- Action item -
While reading through the material below, copy each line that holds the word "Ring".

[Start of Attachment]

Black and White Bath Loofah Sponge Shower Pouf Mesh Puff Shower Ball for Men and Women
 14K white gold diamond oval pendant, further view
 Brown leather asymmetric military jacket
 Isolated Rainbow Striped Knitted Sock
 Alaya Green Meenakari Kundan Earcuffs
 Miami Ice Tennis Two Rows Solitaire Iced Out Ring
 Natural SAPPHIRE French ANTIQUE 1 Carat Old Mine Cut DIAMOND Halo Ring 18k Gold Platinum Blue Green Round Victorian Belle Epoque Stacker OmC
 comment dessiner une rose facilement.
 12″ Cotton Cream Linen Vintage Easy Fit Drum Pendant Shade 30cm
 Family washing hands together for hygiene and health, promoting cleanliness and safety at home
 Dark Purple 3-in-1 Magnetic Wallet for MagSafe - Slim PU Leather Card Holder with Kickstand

[End of Attachment]

- Problem solution -
 Miami Ice Tennis Two Rows Solitaire Iced Out Ring
 Natural SAPPHIRE French ANTIQUE 1 Carat Old Mine Cut DIAMOND Halo Ring 18k Gold Platinum Blue Green Round Victorian Belle Epoque Stacker OmC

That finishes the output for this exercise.